PDF Accessibility Solutions

This repository provides two complementary solutions for PDF accessibility:

PDF-to-PDF Remediation: Processes PDFs and maintains the PDF format while improving accessibility.
PDF-to-HTML Remediation: Converts PDFs to accessible HTML format.

Both solutions leverage AWS services and generative AI to improve content accessibility according to WCAG 2.1 Level AA standards.

Index	Description
Architecture Overview	High level overview illustrating component interactions
Automated One Click Deployment	How to deploy the project
Testing Your PDF Accessibility Solution	User guide for the working solution
PDF-to-PDF Remediation Solution	PDF format preservation solution details
PDF-to-HTML Remediation Solution	HTML conversion solution details
Monitoring	System monitoring and observability
Troubleshooting	Common issues and solutions
Contributing	How to contribute to the project

Architecture Overview

The following architecture diagram illustrates the various AWS components utilized to deliver the solution.

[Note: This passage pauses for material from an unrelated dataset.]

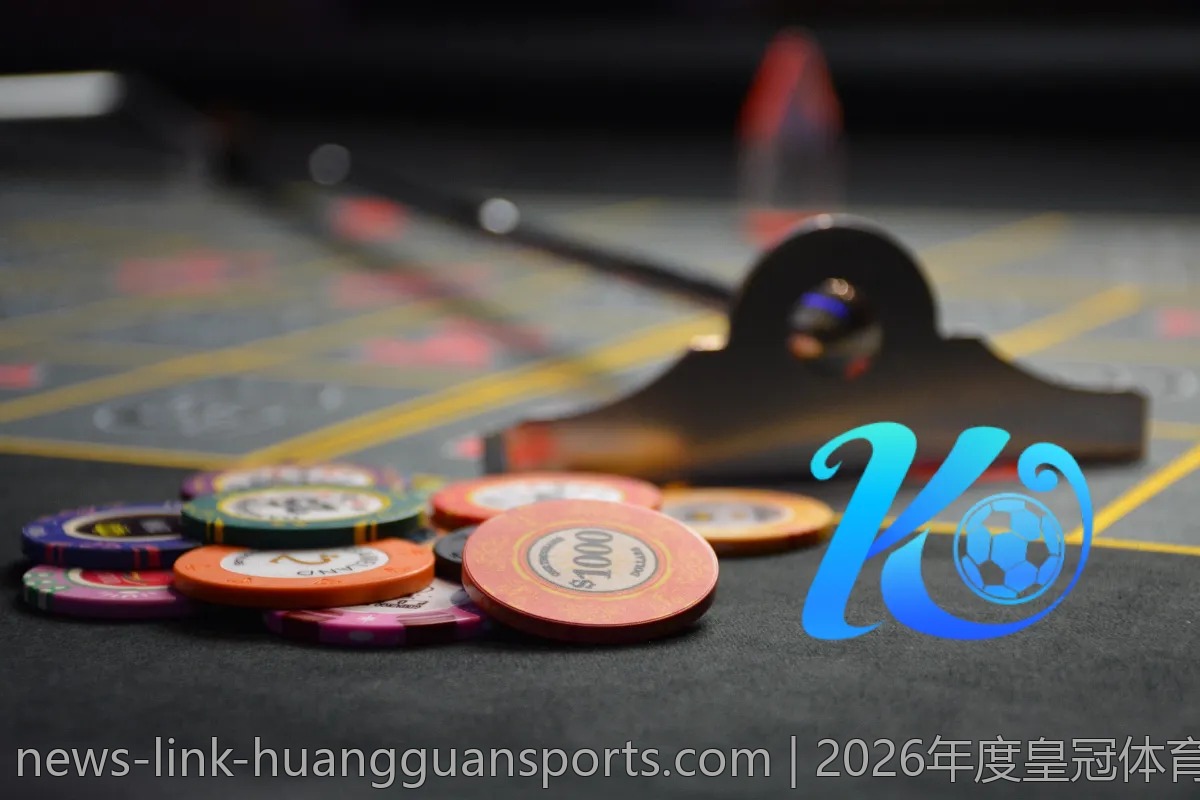 2026年度皇冠体育排行榜，了解谁才是佼佼者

Automated One Click Deployment

We provide a unified deployment script that allows you to deploy either or both the solutions with a single command. Choose your preferred solution during deployment:

Prerequisites

Common Requirements:

AWS Account with appropriate permissions to create and manage AWS resources
- See IAM Permissions Guide for detailed permission requirements
AWS CloudShell access (AWS CLI is pre-installed and configured automatically)
- Sign in to the AWS Management Console
- In the top navigation bar, click the CloudShell icon (terminal symbol) next to the search bar
- Wait for CloudShell to initialize (this may take a few moments on first use)
Enable AWS Bedrock Nova-Pro model in your AWS account (For PDF to PDF remediation)
Enable AWS Bedrock Nova-Lite model in your AWS account (For PDF to HTML remediation)
- Request access to Amazon Bedrock through the AWS console if not already enabled
- Navigate to the AWS Bedrock console
- Click "Model access" in the left navigation pane
- Click "Manage model access"
- Find Nova-Pro/Nova-Lite in the list and select the checkbox
- Click "Save changes" and wait for access to be granted

Solution-Specific Requirements:

PDF-to-PDF:
- Adobe API Access - An enterprise-level contract or a trial account (For Testing) for Adobe's API is required.
  - Adobe PDF Services API to obtain API credentials.
PDF-to-HTML: AWS Bedrock Data Automation service access
- Ensure you have access to create a Bedrock Data Automation project - usually present by default

One-Click Deployment

Step 1: Open AWS CloudShell and Clone the Repository

git clone https://github.com/ASUCICREPO/PDF_Accessibility.git
cd PDF_Accessibility

Step 2: Run the Unified Deployment Script

chmod +x deploy.sh
./deploy.sh

Step 3: Follow the Interactive Prompts

The script will guide you through:

Solution Selection: Choose between PDF-to-PDF or PDF-to-HTML remediation
Solution-Specific Setup:
- PDF-to-PDF: Enter Adobe API credentials (stored securely in AWS Secrets Manager)
- PDF-to-HTML: Automatic creation of Bedrock Data Automation project
Automated Deployment: Real-time monitoring of the deployment progress
Optional UI Deployment: After successful deployment of your chosen solution(s), you'll have the option to deploy a user interface as well

Step 4: Test Your Deployment

After successful deployment, the script provides specific testing instructions for your chosen solution.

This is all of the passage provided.